Una sfida di coraggio nel borgo di Spoltore

Tamo è la creatura di Antonio Blasi, salentino, e Mariachiara Guastadisegni, abruzzese: compagni nel lavoro ma soprattutto nella vita. Rispettivamente ai fornelli e in sala, quest’ultima raccolta, luminosa e moderna, i due formano una coppia giovane e con esperienze internazionali di spessore, oltre che coraggiosa nel portare avanti, dal 2017, un progetto tanto affascinante quanto complesso vuoi per ubicazione, decentrata rispetto all’area metropolitana di Pescara, vuoi per l’eterogeneità rispetto alle tavole locali. E ciò è provvidenziale, perché qui va in scena una cucina gustosa, istintiva e in continuo movimento, in simbiosi con la materia prima, pesce e carne, senza tralasciare costanti incursioni vegetali convergenti in piacevoli cromatismi.

Piatti incisivi senza sovrastrutture

Pur essendo un percorso “breve” non mancano giochi di consistenze e punte di contrasto che finalizzano un gusto diretto, profondo, tra pigli internazionali, prodotto esperienziale dei viaggi fatti, e radici d’origine. Al centro l’ingrediente, senza particolari sovra costruzioni.
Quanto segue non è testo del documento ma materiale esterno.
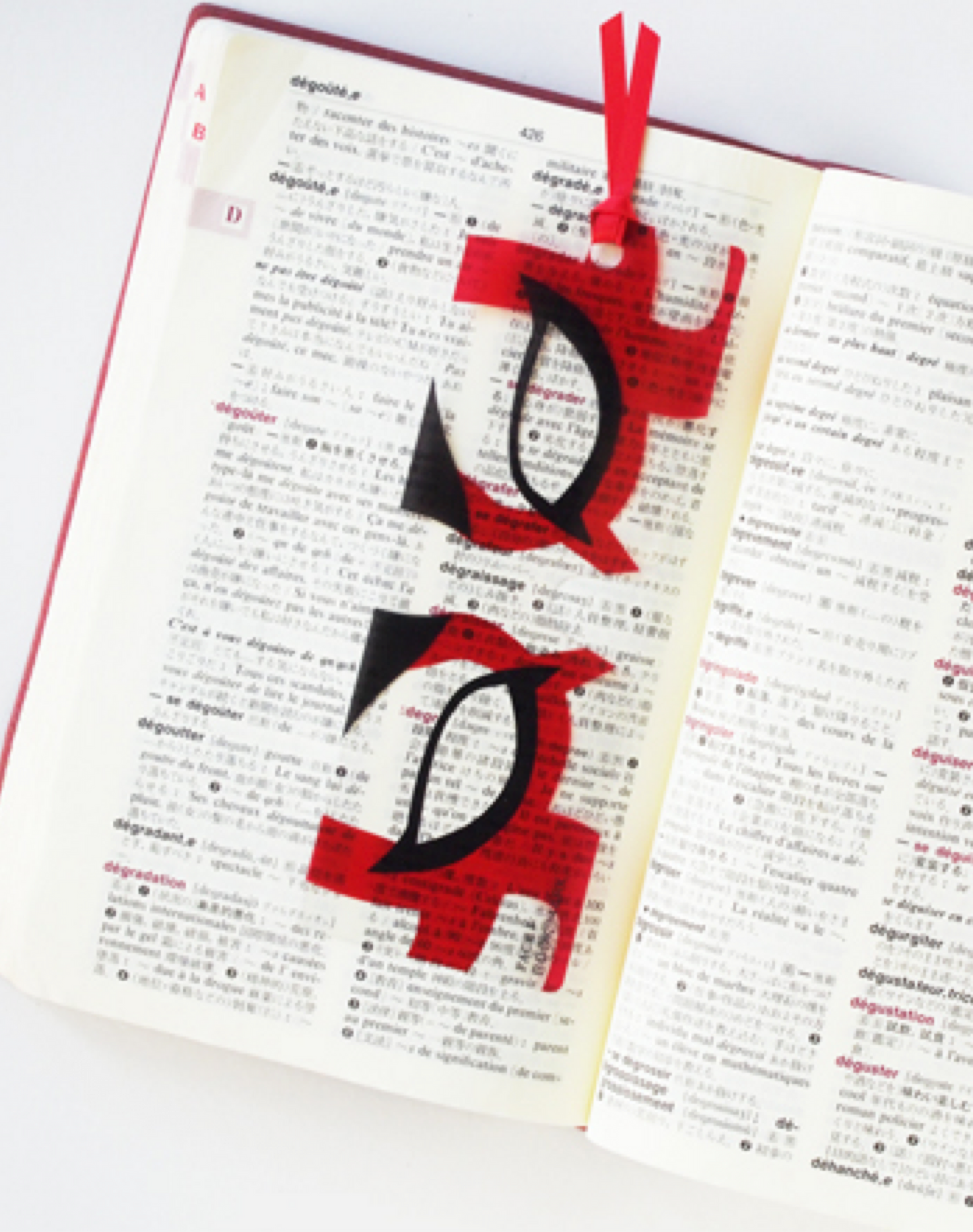 Face bookmark kabuki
Dal menù “Degustamo”, a mano libera, apprezziamo la freschezza del Carpaccio di tonno, proposto con zeste di limone e arricchito con salse e riduzioni tra Oriente e Occidente, e l’intensità del Carciofo alla marinara, ripieno con panzanella e rifinito con maionese all’aglio. Antitetici anche i primi: la Chitarra con cime di rapa, vongole ed astice è un piatto quasi etereo, in un gioco se vogliamo anche di texture oltre che di morbidezze, identificabili nella pienezza del crostaceo decapode e dei molluschi, coesistenti con l’accenno vegetale amaricante. Gradualmente crescente la sapidità del Raviolo di coniglio alla cacciatora su fonduta di parmigiano: una estemporanea di selvaggina di bella esecuzione tra sfoglia e ripieno, ineccepibili, azzeccati nel bilanciamento. Si riaffaccia in punta di piedi poi il mare, con un pesce dal sapore eccellente (e purtroppo in via di estinzione): una Cernia ai carboni, servita completamente senza sale, adagiata su un letto di croccanti verdure di stagione prima di essere accostata a un’incisiva quanto gustosa salsa bernese, equilibrata in acidità. Piatto vincente e leggero, dove dietro un apparentemente approccio “semplicistico”, si cela buona tecnica, palesata anche sul finale, quando gli inebrianti profumi preannunciano lo Strudel dell’Artusi con crema inglese all’avena, dessert che coniuga delicatezza a placida golosità.

Quanto al capitolo enoico, la carta vini, sviluppata in orizzontale con proposte italiane ed incursioni transalpine gioca su un taglio e cucito e si completa con drink per il fine pasto. Il ridotto numero di coperti agevola il servizio, curato, piacevole e attento. Nel complesso la sosta è ben gratificante, complice il citato e manifesto talento, intriso di sperimentazione oltre che di manifesti margini di crescita, possibile questa, perché no, affiancando già all’attuale menù degustazione un percorso specifico, oppure da sette o più portate.

IL PIATTO MIGLIORE: Cernia ai carboni con salsa bernese.